Vice President JD Vance was unsparing during an appearance on the Joe Rogan Experience(JRE) podcast published Wednesday, defending Donald Trump administration's negotiations and ceasefire proposal with Iran, and slammed critics who have aggressively attacked his diplomatic efforts. "Many of the people who were receiving that money were actually attacking me in completely dishonest ways... my response to that is, well, go to hell. I'm going to do what I have to do for the American people. I represent Americans first," he said.
The nearly 3-hour conversation on JRE came at a highly strategic moment as the Trump administration worked to manage divisions in the ruling Republican party over the ongoing war with Iran and lingering public frustration regarding transparency over the Jeffrey Epstein files. Throughout the conversation, Vance delivered some of his most candid and combative remarks to date on foreign influence, the economy, and the administration’s own communication missteps.
Vance cited a Time magazine investigation alleging that a former Trump campaign operative, Brad Parscale had been funded by the Israeli government to orchestrate a covert campaign to derail the Iran peace negotiations. He accused elements within the Jewish state of trying to manipulate U.S. public opinion to keep the war going indefinitely without a clear, defined strategic endpoint.

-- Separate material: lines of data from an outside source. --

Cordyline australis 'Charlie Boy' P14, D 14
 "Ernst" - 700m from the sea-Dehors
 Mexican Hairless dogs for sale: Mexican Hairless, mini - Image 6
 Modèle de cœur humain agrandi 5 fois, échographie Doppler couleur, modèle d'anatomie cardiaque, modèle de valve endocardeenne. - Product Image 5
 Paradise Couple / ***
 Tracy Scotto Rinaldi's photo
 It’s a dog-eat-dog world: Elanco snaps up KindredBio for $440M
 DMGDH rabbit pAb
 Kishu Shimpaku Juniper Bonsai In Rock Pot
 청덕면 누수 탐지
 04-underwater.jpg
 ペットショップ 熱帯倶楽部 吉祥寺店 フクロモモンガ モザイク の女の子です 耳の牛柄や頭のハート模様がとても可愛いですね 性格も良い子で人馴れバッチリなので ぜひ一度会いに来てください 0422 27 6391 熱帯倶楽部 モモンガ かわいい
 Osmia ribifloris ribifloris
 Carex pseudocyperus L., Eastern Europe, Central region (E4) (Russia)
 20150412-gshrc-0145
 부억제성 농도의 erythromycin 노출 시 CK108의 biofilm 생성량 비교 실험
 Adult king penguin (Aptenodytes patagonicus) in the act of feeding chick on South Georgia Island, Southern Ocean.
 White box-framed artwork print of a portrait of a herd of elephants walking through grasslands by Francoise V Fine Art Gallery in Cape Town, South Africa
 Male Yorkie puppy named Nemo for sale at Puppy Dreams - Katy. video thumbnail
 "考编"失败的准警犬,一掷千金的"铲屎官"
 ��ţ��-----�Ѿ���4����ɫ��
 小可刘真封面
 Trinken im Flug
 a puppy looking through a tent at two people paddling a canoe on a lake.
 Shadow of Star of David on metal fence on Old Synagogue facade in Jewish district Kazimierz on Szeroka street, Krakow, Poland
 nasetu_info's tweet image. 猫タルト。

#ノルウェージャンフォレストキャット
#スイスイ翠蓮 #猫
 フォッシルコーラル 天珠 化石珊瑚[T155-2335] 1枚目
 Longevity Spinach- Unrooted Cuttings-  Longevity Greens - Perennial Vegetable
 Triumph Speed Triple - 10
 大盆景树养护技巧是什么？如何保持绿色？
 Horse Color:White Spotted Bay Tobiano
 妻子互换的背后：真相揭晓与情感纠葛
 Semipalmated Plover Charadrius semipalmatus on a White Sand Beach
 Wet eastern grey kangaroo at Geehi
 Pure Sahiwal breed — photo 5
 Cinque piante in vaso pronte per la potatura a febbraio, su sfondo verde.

While the vice president noted that foreign lobbying is simply "the nature of the beast" and expected from countries like Israel, he expressed intense frustration with Americans who allowed foreign interests to dictate their positions.
Addressing another persistent point of criticism from both the left and right of American politics, Vance conceded that the administration severely mishandled the public rollout of federal documents related to Jeffrey Epstein.
Vance admitted, "We absolutely screwed up the comms of the Epstein files. Like, we just did." He pointed to former Attorney General Pam Bondi's handling of the release. Bondi had famously claimed a definitive "client list" was sitting on her desk, and later released "declassified" binders to influencers that mostly contained already public information.
"I think Pam was trying to respond to the political moment," Vance said, arguing there was no malicious cover-up but that she had significantly "overstated what we had."
When Rogan noted that many believe Epstein was connected to Mossad (Israeli intelligence), Vance agreed, saying that Epstein "clearly had connections to the highest levels of American intelligence" and "the highest levels of Israeli intelligence." He claimed that Epstein’s ties in Israel were mostly concentrated within "left of center" elements of the Israeli political establishment.
During a discussion focusing on domestic policy, Rogan expressed his concern about the rising popularity of democratic socialism among young Americans.
Vance blamed four decades of bipartisan economic policies that favored offshoring, outsourcing, and relying on low-wage foreign labor. He argued this turned the U.S. into "a kind of shell corporation" that no longer manufactures its own goods or supports worker bargaining power.
The vice president criticized Wall Street firms for buying up single-family homes and turning them into "investable, 'line goes up' assets," which has locked young people out of homeownership.
Vance warned his conservative colleagues that simply shouting "socialism is bad" is not enough. "I think that unless you go down that pathway of allowing young Americans to own something, socialism is the inevitable outcome... and if we don't [fix this], we are going to end up with a socialist president in this country."
The vice president's remarks on JRE drew praise from across the political spectrum. Many of the low-propensity voters who were crucial to the Trump's election victory, had grown disillusioned by the administration's active military campaign in Iran and perceived foot-dragging on the Epstein files.
Political analysts noted that by directly addressing Rogan's own criticisms on these fronts, Vance sought to act as the administration's primary diplomat to anti-war and anti-establishment skeptics.
Pro-war commentators, Zionists and neoconservative critics slammed the appearance, branding Vance an "antisemite," with some declaring they will "never" vote for him if he runs for president in 2028.